Cinebench used to be a good benchmark of typical C4D performance for hardware 15 years ago but it hasn’t moved with the times. When mid-low end GPUs can easily beat Threadrippers in rendering most professionals and hobbyists will be using GPUs to render.
C4D used to be almost entirely single threaded except when rendering, that has slowly changed over time. I believe the new Project Neutron scene graph is heavily optimised for modern multicore processors so it would make sense to build a Project Neutron benchmark scene into Cinebench so users can see expected interactive performance of future C4D. Blimey, it might even generate some interest in Scene Nodes along the way!! This type of benchmark would answer which modern multicore CPU and GPU combo is best for interactivity.
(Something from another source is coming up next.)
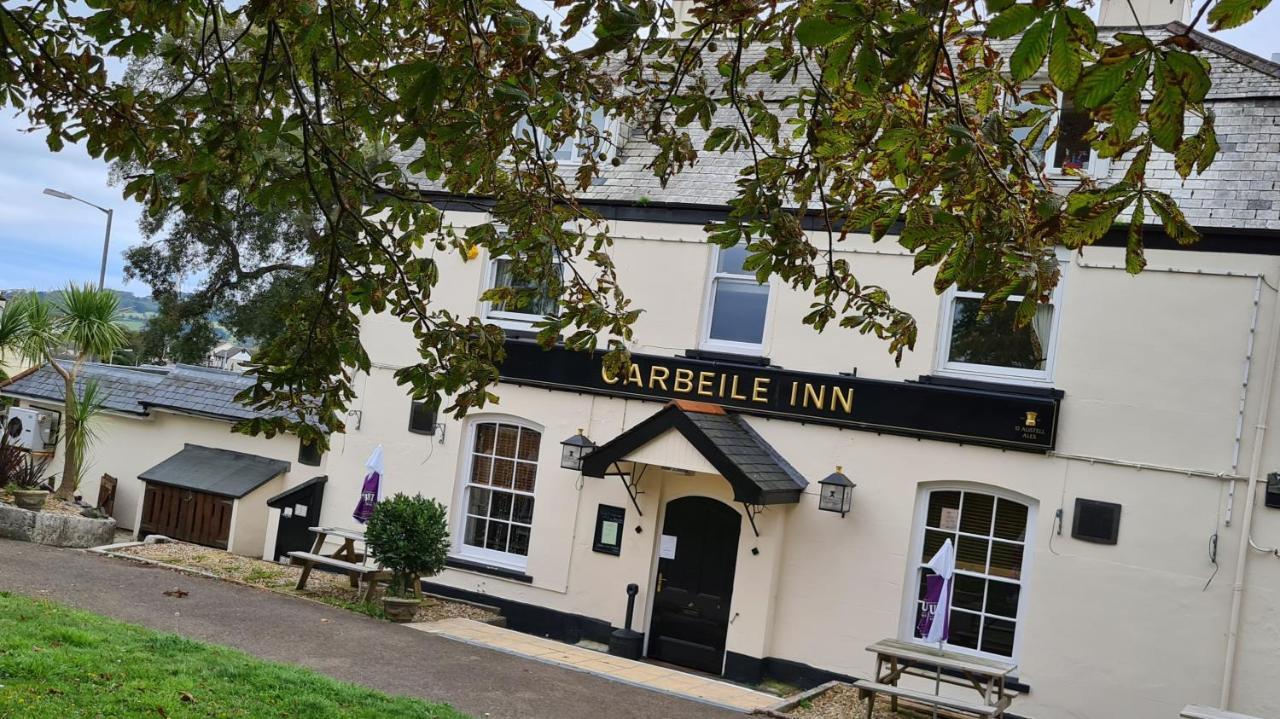 Carbeile Inn 토포인트 외부 사진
Maxon should take a leaf out of Blender’s book and create a CPU and GPU rendering benchmark, they now have Redshift on CPU so they should include Redshift rendering in Cinebench. They want people to rent Redshift GPU well create beautiful but taxing scenes to render, the images will end up in GPU review articles all over the interweb.
I’m pretty sure Cinebench wasn’t originally released out of the goodness of Maxon’s heart for all in sundry to test their CPU hardware, it was a clever marketing tool to get the C4D name out there. As it stand Cinebench has little relevance to anyone using modern C4D or thinking about using it, it’s just a benchmark of CPU rendering in a old dated and ugly renderer which fewer and fewer people are using.
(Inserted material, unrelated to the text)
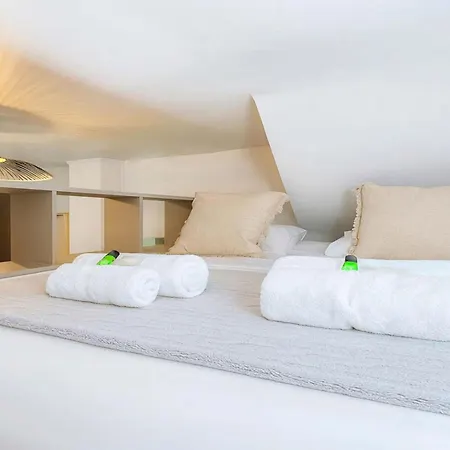 Apartment Stylish Near The Tuileries Gardens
Make Cinebench more relevant, add a kickass Scene Nodes project running on top of the high performance scene graph, show what C4D’s got under the hood. When Project Neutron was announced McGavran said it could handle millions of objects and offered next level performance, why not show it in one of the most ubiquitous benchmarks? Why would anyone not take advantage of Cinebench to market the modern state of C4D?